Tuesday, March 12, 2013

PopeWatch 2013: Blowing Black Smoke

VATICAN CITY -- A plume of black smoke issuing from the chimney of the Sistine Chapel signaled that the first day of the College of Cardinals' papal conclave had ended and that, predictably, its members had not yet selected a replacement for retired Pope Benedict XVI. The princes of the Catholic Church, however, are not the only ones blowing smoke, and over the past month there has been an abundance of idle, often whimsical, and sometimes even feel-good chatter about who the next pope will be. With an ever-canny sense of how things are rather than how people want them to be, the editors of Religion, Politics, and Sex decided to look at the presumed frontrunners in the papal race and make our predictions not just on who the next pope will be but also on who it definitely will not be.

The members of the conclave are, of course, literally sworn to secrecy in this regard, so public speculation falls to lower-ranking clergy, the media, and bookmakers. Some of their top choices, however, are so absolutely unlikely that they have presumably been proposed merely as red herrings to boost the payoff for bets on candidates they think actually have a chance or to jolly along various special interest groups.

There has also been quite a bit of discussion about the moral characteristics of various candidates and factors such as the presumable impact of things like their roles in either covering up or exposing the Church's child sex abuse scandals. But these factors have no bearing on whether a candidate would make what is considered to be a good pope and are therefore irrelevant and will have no impact whatsoever on the decision reached by the conclave. If the new pope is a genuinely good person, wants to make protecting children from predatory priests his cause celebre, etc., that is all great, but it has nothing to do with his viability as a candidate.

Following are some of the top choices whose names are being bandied about on the news. We are presenting them here in reverse order, from least to most likely to be elected.



* Cardinal Peter Turkson (Ghana). Really? No, really? Anyone suggesting that Turkson has any chance at all of being elected pope is doing so for purposes of misdirection, to lead Africans in particular and blacks in general to feel more important within the Church than they really are, or as a joke. His qualities as a Church leader are, in fact, completely meaningless simply because he is black. This may seem like an extreme contention, but consider what we learned when Obama got elected, e.g., that a certain proportion of the population will become mentally unhinged when a black is elected to a particular high office for the first time. A global sex abuse scandal is one thing and something the Church can obviously survive just fine, but a black man in a miter would be the death of Catholicism as we know it. Just as Americans who were admittedly almost illiterate before Obama was elected suddenly affected expert knowledge of Constitutional law to justify their irrational hatred for the first black U.S. president, closet racists throughout the Catholic Church would suddenly start spouting references to obscure canon laws disseminated by the plethora of hatemongering schismatic websites that would pop up. Catholicism would experience a literal decimation, with one in 10 of its members abandoning the Church immediately, and there is a reasonable chance that any number of pretender popes would be elected within particular geographical areas. The cardinals are more likely to drink a vat of poisoned Kool-Aid than propagate such a monumental disaster.
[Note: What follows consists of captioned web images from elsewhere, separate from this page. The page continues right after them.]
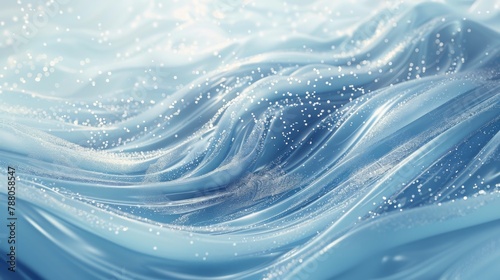 Closeup of an electric blue ocean wave with bubbling water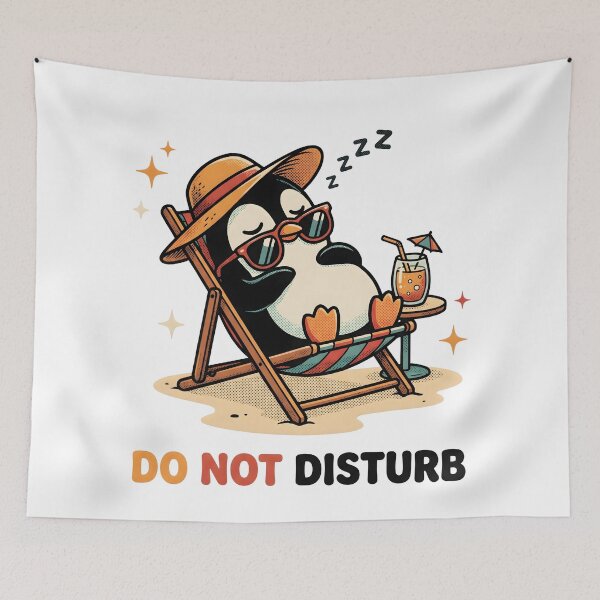 Item preview, Relaxed Penguin Tropical Beach Vacation Illustration designed and sold by StickerNestYou.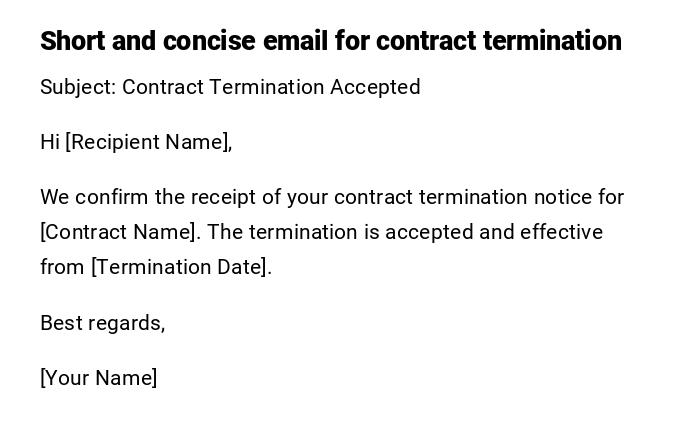 Short and concise email for contract termination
* Cardinal Timothy Dolan (United States). Almost no chance. Americans are notoriously bad at seeing themselves as others see them and do not realize that the United States is perceived by many people throughout the world as militaristic, imperialistic, hypocritical, and a busy-body. Election of an American would lead to widespread perception that the Vatican had been suborned by the United States and this is something that the conclave is going to be sensitive to.

* Marc Oullet (Canada). Slightly better chance than Dolan, but he is still a Norde Americano and from a nation that is often seen as a client state of the United States, so the fear of appearance of undue political influence on the Vatican remains a consideration.

* Peter Erdo (Hungary). OK, now we're getting on track, and this guy dodges all the bullets of the afore-mentioned candidates, making him a viable contender. But the Vatican has already had its "Eastern European" ticket punched in recent memory so there is no strategic advantage associated with electing him.

* Odilo Scherer (Brazil). This one might actually have a reasonable chance. Sure, he is a South American, but is just about as white as most Italians, and the sense is that the powerbrokers in the Church could use him as a tool (e.g., much the way George W. Bush was puppeted by rightwing business interests). This would also be a sop to Third Worlders and give them an inflated sense of their place in the Church.

* Angelo Scola. This is the one! Or, someone who is so much like him as to be almost indistinguishable. One can almost sense a zeitgeist, if not a heilig geist, among the Italian cardinals, a palpable desire to "take back the papacy." Germans and Poles have had their time in the sun and they are as exotic as this bunch is ever going to want to deal with, so it is time for the pendulum to swing back toward what the papacy has been for the majority of its history.



So, those are our predictions! If this were like a U.S. presidential election you would be able to see the candidates at the top of our list dropping off one by one, but with this contest we won't know until it is done. In the meantime, go ahead and keep giggling about the black guy, sagely speculating about the Brazilian, etc., and tell us that we're wrong now -- because in a couple of days it will be too late and we will have an Italian pope again.